((
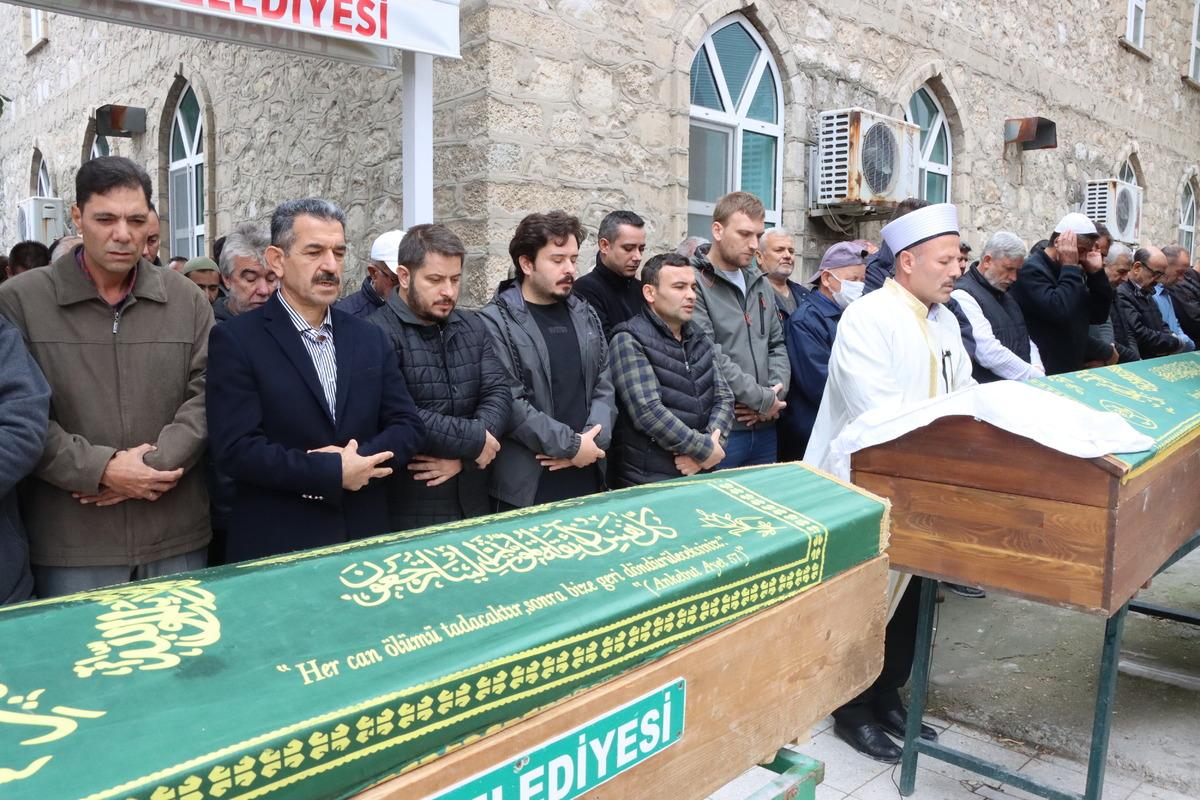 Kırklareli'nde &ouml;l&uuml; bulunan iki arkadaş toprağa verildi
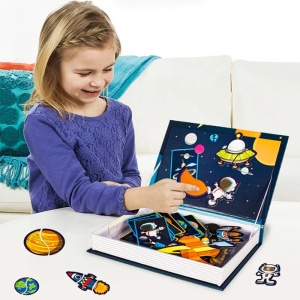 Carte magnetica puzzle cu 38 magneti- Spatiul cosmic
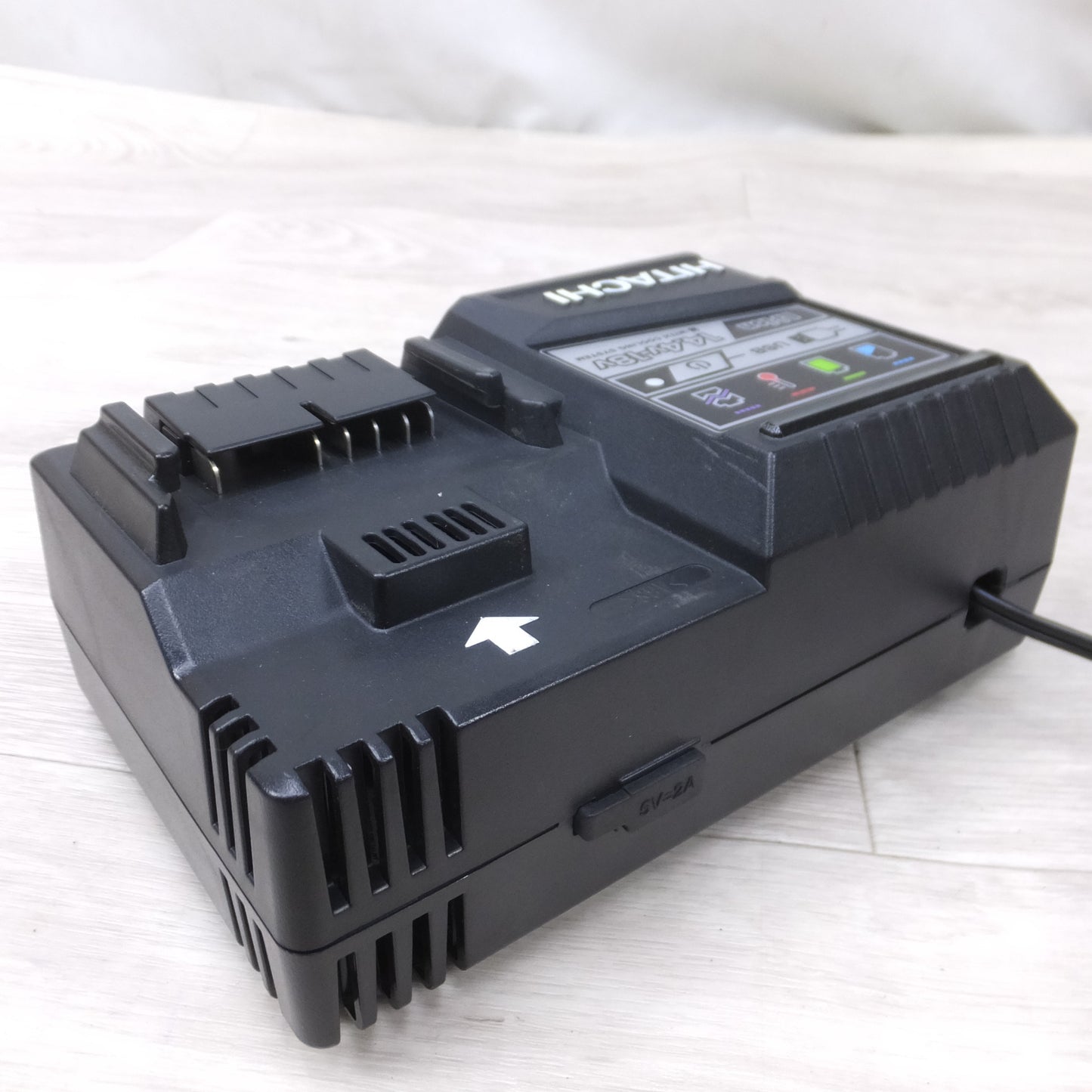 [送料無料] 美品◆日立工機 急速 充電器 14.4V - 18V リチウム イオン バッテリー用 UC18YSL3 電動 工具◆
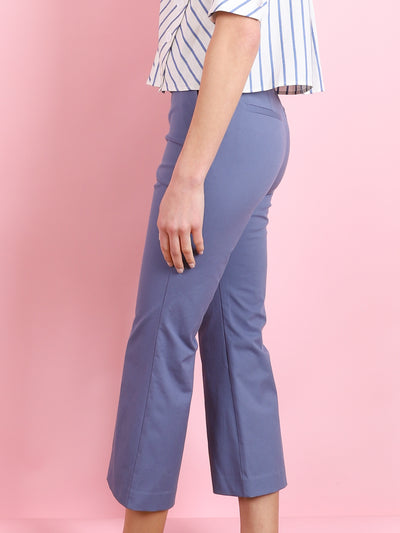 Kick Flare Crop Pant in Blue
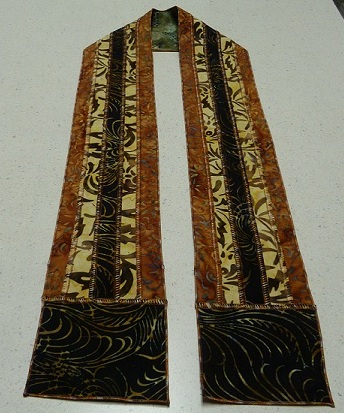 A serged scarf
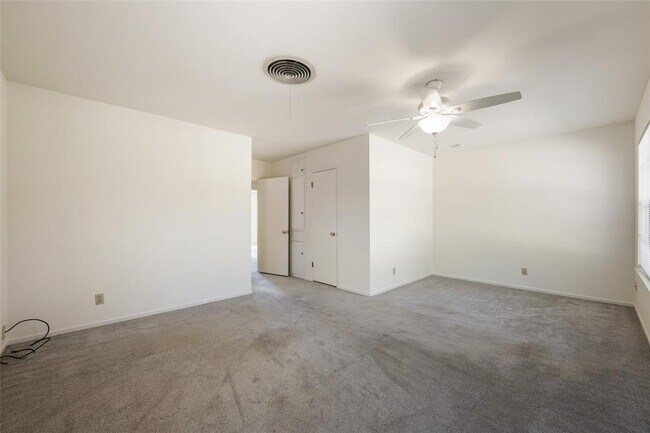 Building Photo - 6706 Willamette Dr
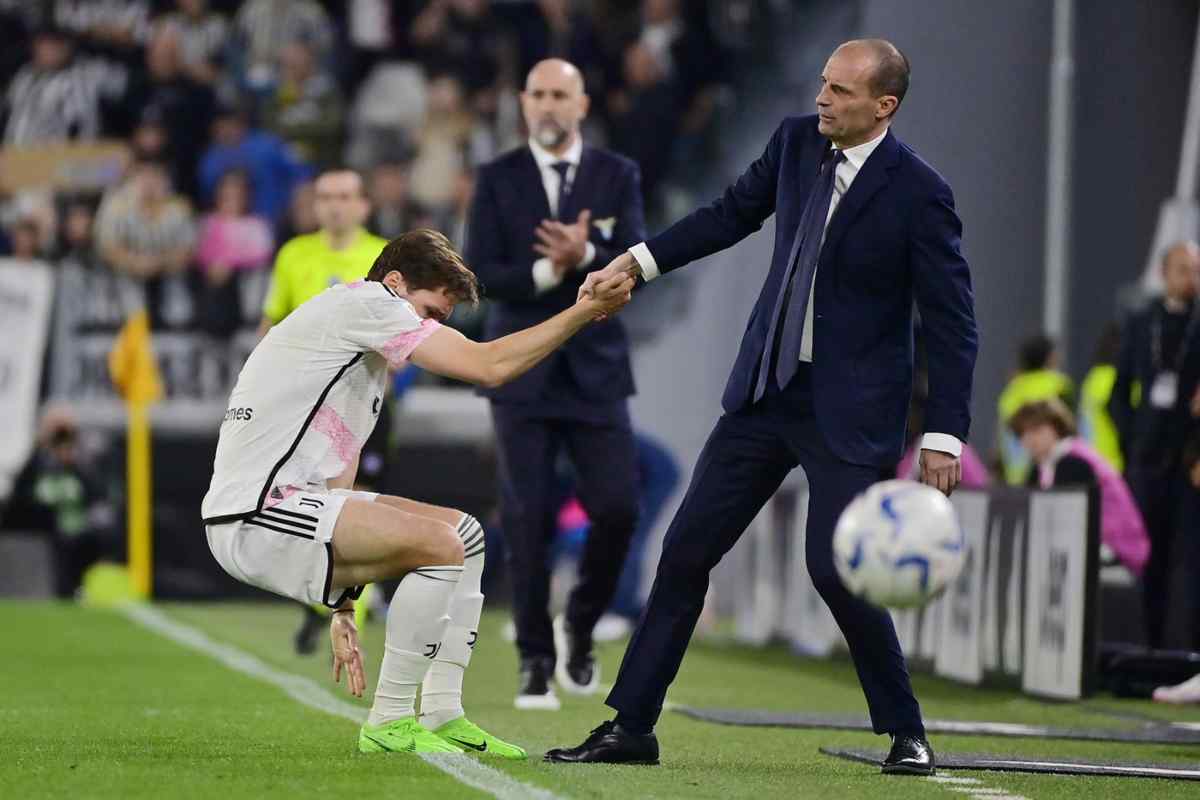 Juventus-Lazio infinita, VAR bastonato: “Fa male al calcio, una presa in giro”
))
((
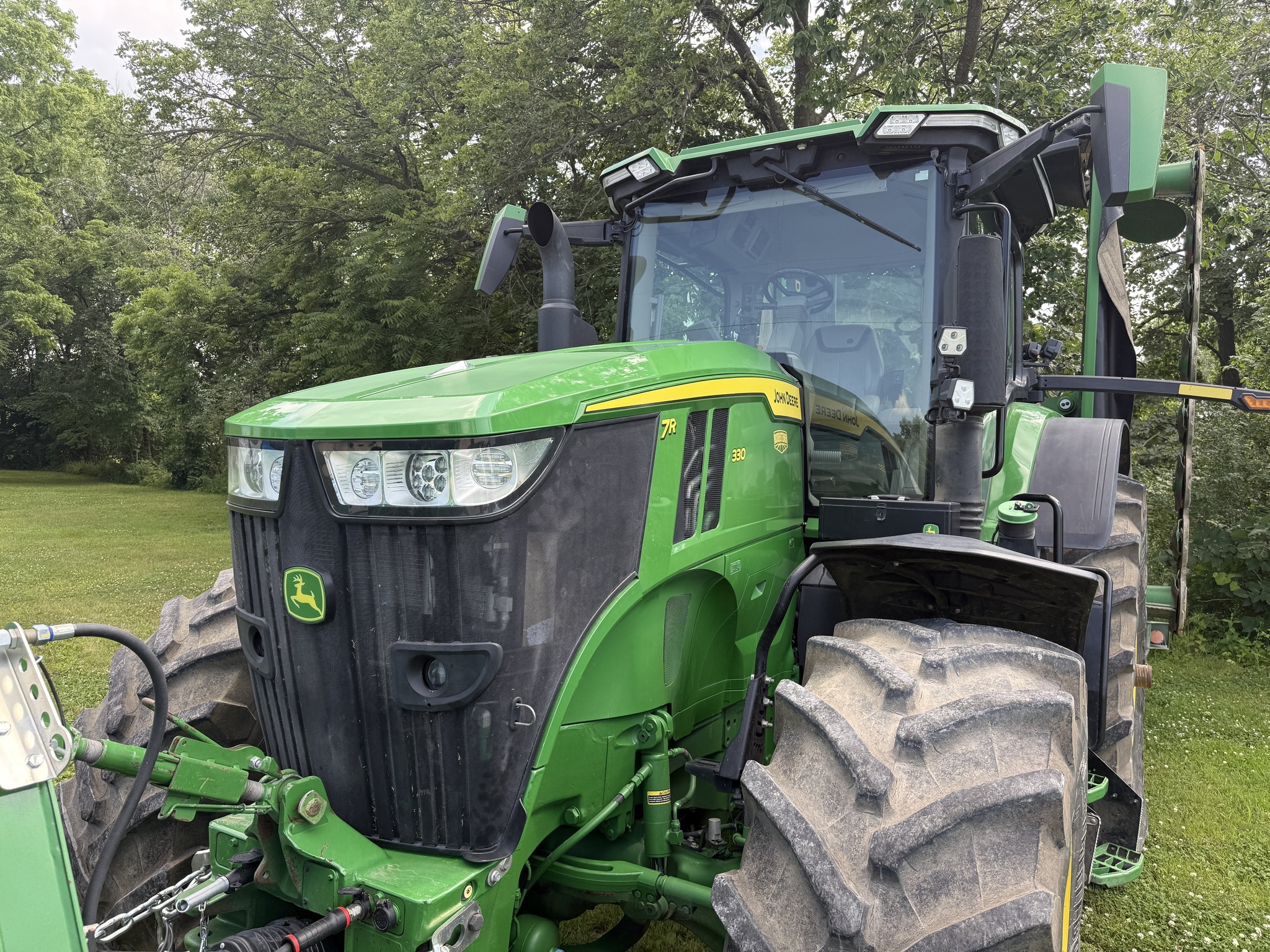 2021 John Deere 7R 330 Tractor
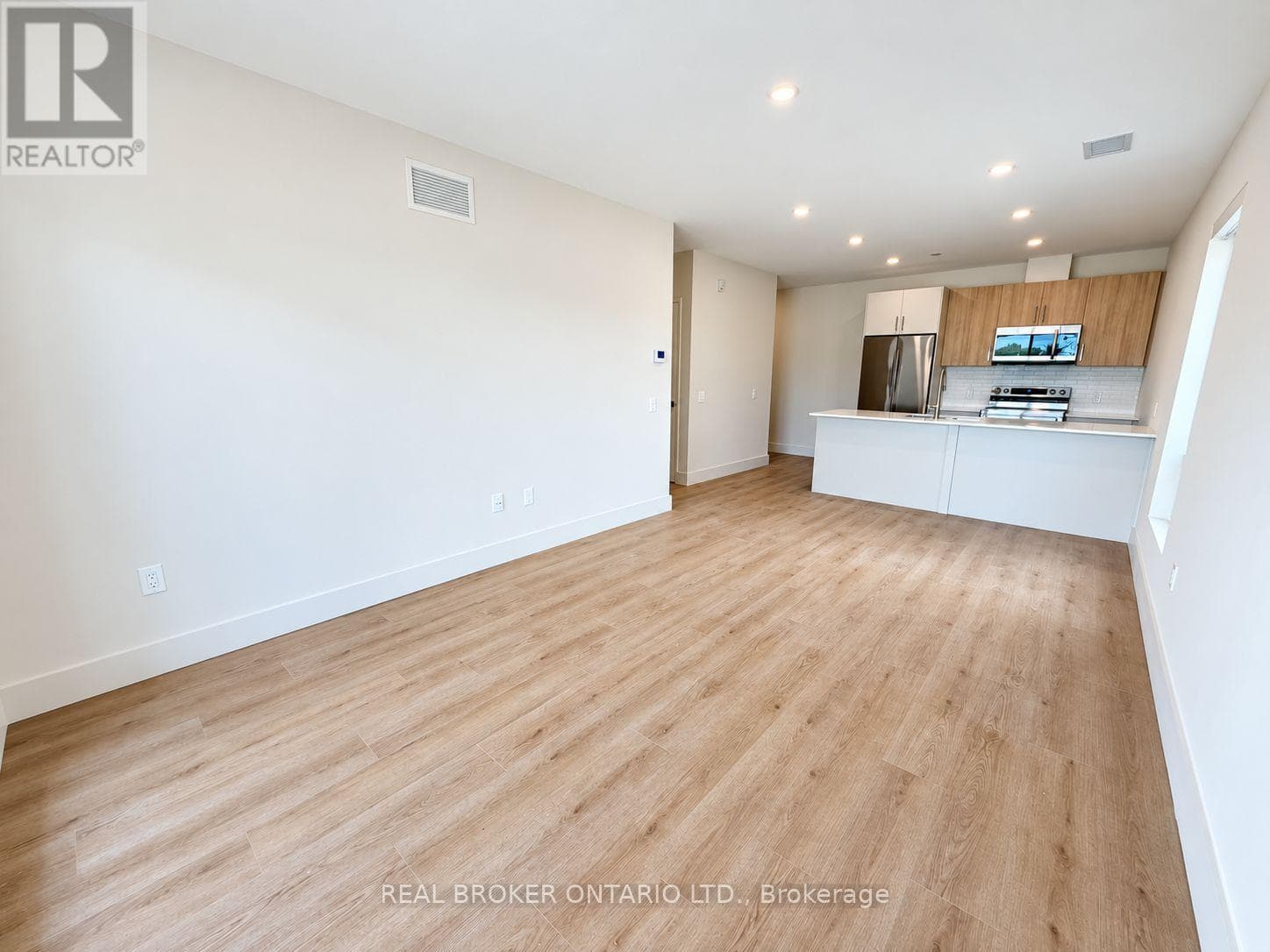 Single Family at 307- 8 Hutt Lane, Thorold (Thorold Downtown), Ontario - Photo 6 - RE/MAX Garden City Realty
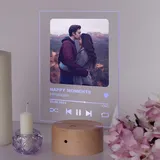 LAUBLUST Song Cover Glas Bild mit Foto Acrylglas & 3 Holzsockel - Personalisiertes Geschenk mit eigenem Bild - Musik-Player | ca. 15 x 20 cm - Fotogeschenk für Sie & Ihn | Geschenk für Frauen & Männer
))
**Task item**
Each line between the one holding "Kick Flare Crop Pant in Blue" and the one holding "Juventus-Lazio infinita, VAR", inclusive, should be copied exactly as it appears above, and pictures should be omitted.

**Expected answer**
 Kick Flare Crop Pant in Blue
 A serged scarf
 Building Photo - 6706 Willamette Dr
 Juventus-Lazio infinita, VAR bastonato: “Fa male al calcio, una presa in giro”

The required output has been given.